Por Carlos Manfroni
Londres: 1º de noviembre de 2024. Ya todo es Navidad en la capital del Reino Unido, una ciudad cosmopolita donde buena parte del año los signos más visibles en las calles son los del islamismo, con mujeres que circulan por todos lados envueltas en sus velos que se despliegan desde el hiyab hasta el burka. Otra parte de la población es agnóstica y, por cierto, hay anglicanos –la religión oficial del reino–, católicos, judíos, protestantes, mormones y diversas vertientes de cultos orientales minoritarios. Nadie se escandaliza por los millones de lámparas en las calles que forman un techo de ángeles o de estrellas, ni por los pesebres iluminados en los escaparates o, simplemente, en las veredas.

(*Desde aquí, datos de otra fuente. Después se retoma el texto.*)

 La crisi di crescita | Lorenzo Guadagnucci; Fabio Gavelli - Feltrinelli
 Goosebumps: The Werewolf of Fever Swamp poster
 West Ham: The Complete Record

En tiempos cercanos, el 1º de noviembre se celebraba el Día de Todos los Santos, hoy borrado de la memoria en los países con mayorías católicas. ¿No hay más santos? Difícil saberlo; habrá algunos, sin duda, que se santifican en el esfuerzo de su trabajo ordinario realizado con esmero, pero la santidad es algo que avergüenza a una multitud que hace de la cultura woke su nueva religión, con inquisición y todo.

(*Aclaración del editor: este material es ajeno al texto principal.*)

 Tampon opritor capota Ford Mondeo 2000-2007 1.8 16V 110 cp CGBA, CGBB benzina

¿Y Nueva York, la ciudad más progre, junto con San Francisco, en medio de la profunda religiosidad del interior de los Estados Unidos, no se llena acaso también de luces? Desde el Times Square hasta el aeropuerto, todo tiene forma de árbol de Navidad. Ni qué decir después del último jueves de noviembre, cuando se celebra el Día de Acción de Gracias, esa extraordinaria fiesta patriótica americana. Es el momento bisagra en el que estalla allí el comienzo del tiempo navideño, que marca el advenimiento de un clima de concordia y serenidad.
La comunidad judía, extremadamente fuerte y poderosa en Manhattan y sus alrededores, nunca se ha quejado de las luminarias ni reclamado un apagón en nombre de la neutralidad. La convivencia en la diversidad es algo asumido por todos y la fe –cualquiera que sea– tiene prestigio en la primera potencia del planeta. Después de todo, el cristianismo ayuda a preservar la memoria de los patriarcas y de los acontecimientos más grandes del judaísmo, con su veneración a Abraham, a Moisés, a los profetas, y su permanente conmemoración del paso del Mar Rojo –de la esclavitud a la libertad–, los salmos que se entonan en las celebraciones litúrgicas y la evocación de los lugares sagrados en Israel. Pero, fundamentalmente, la cooperación en la preservación y difusión de los Diez Mandamientos, que representan la Ley Natural sobre la que se apoya la convivencia de los seres humanos.
Es muy cierto lo que dice el escritor Marcelo Birmajer sobre los reiterados intentos en la actualidad de hacer desaparecer de la memoria de la humanidad los Diez Mandamientos, que son la columna moral y jurídica de Occidente, sin la cual se derrumbaría la vida en sociedad y quedaría solo la imposición de los tiranos. El odio a las religiones tradicionales está devastando lo que queda de civilización.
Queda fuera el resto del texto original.